*Your task:* Each line below from the line with "Произведения список 7" to the line with "Figure 11: Differences" must be copied exactly, including those two, and no picture may appear in the copy.

*Data in this exercise:*

________

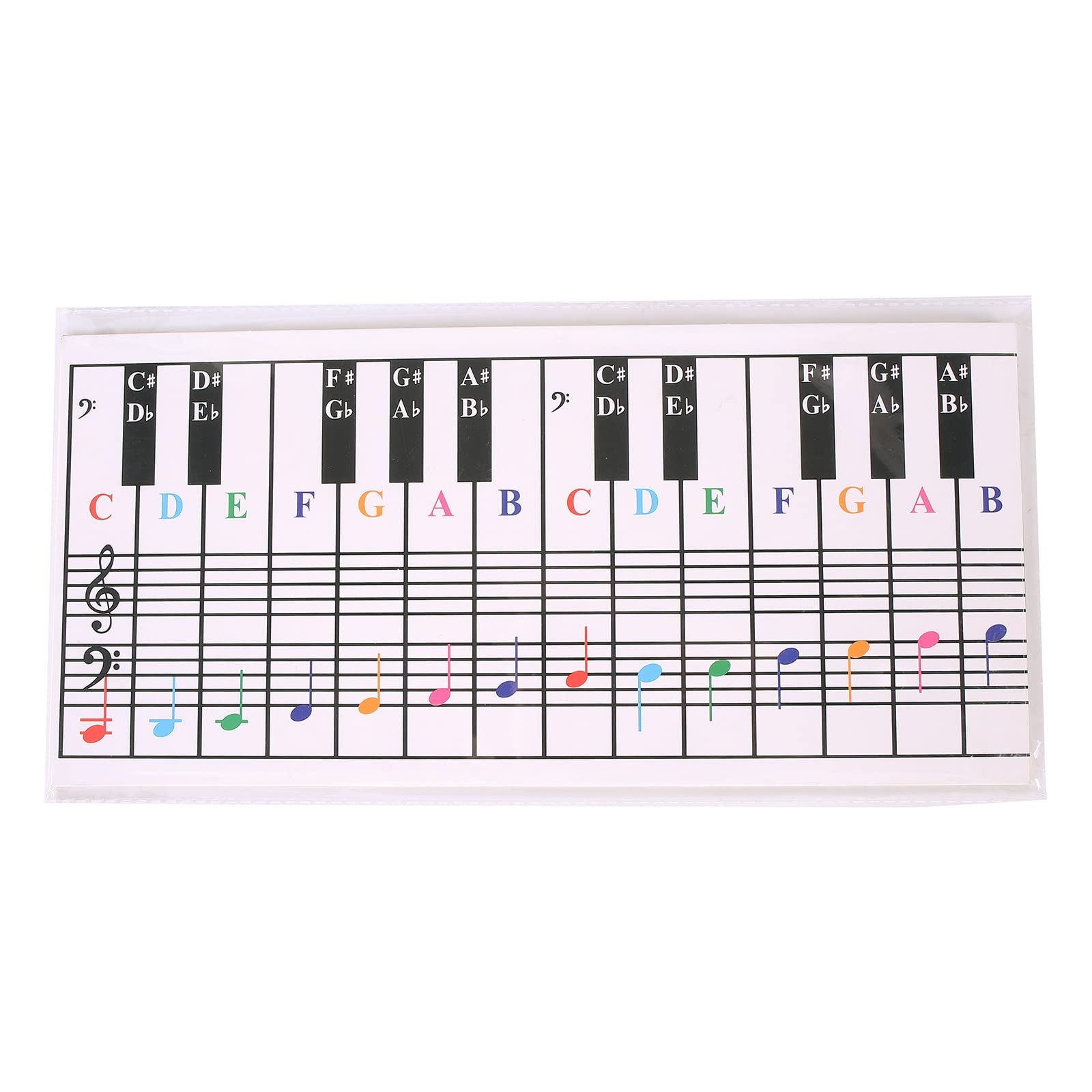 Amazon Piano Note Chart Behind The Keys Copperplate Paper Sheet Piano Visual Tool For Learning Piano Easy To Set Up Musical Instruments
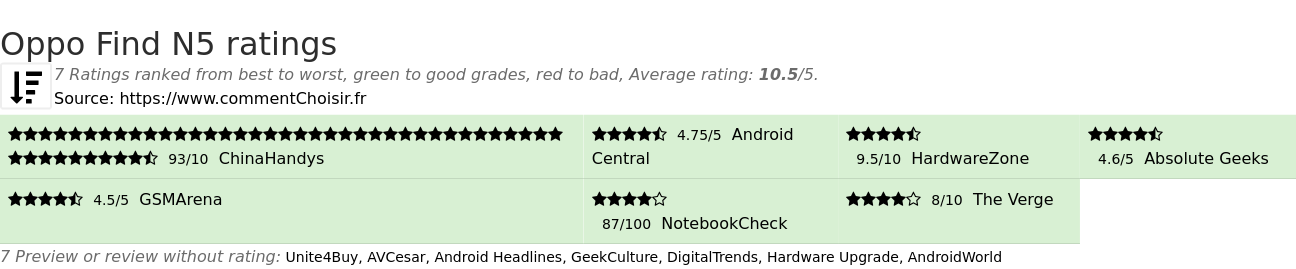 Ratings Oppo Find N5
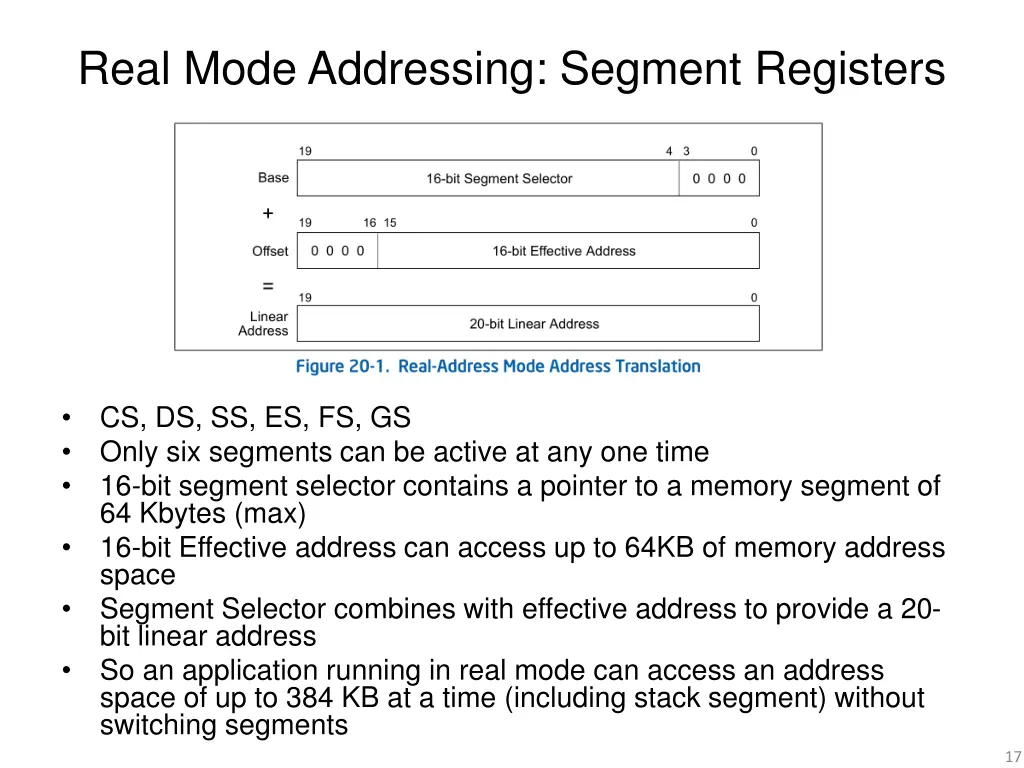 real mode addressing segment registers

________

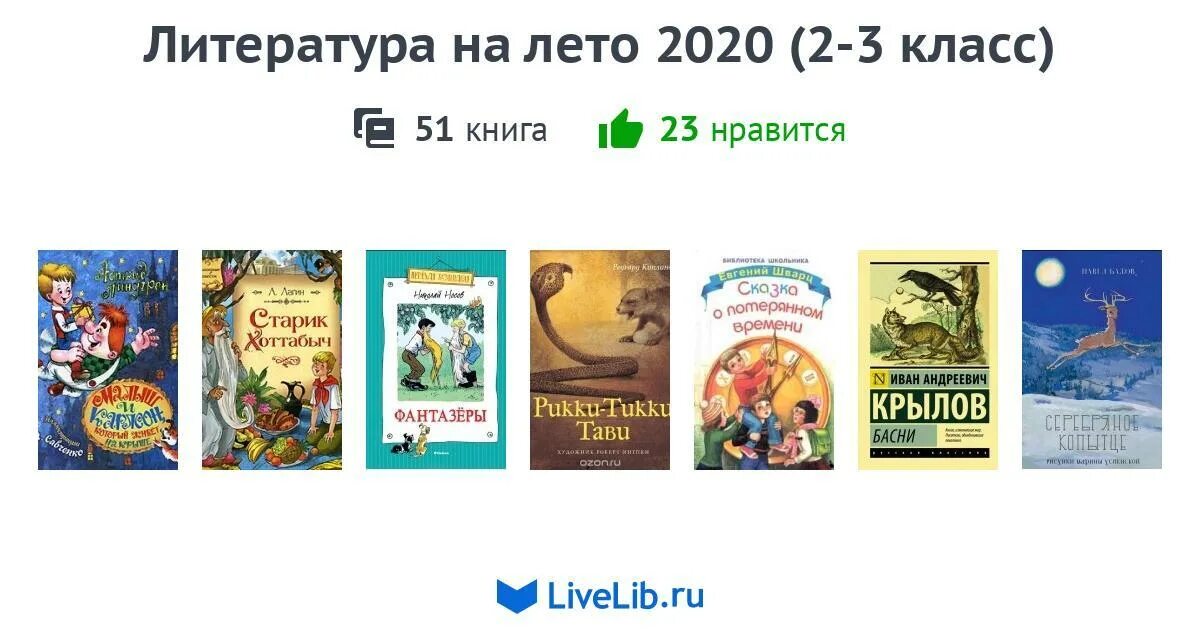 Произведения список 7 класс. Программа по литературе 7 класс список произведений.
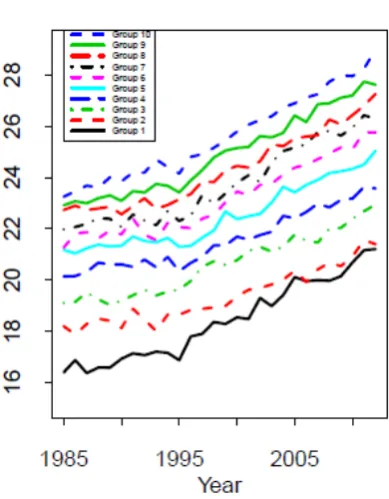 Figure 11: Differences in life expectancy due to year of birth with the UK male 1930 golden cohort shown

________

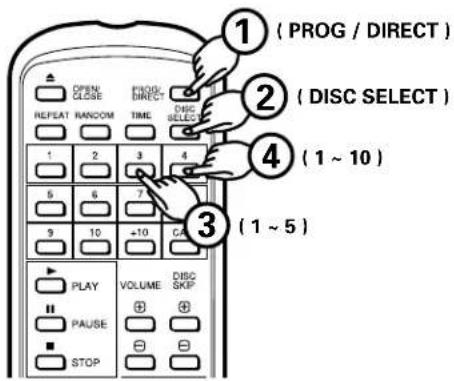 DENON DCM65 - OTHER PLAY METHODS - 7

________

*Solution:*
 Произведения список 7 класс. Программа по литературе 7 класс список произведений.
 Figure 11: Differences in life expectancy due to year of birth with the UK male 1930 golden cohort shown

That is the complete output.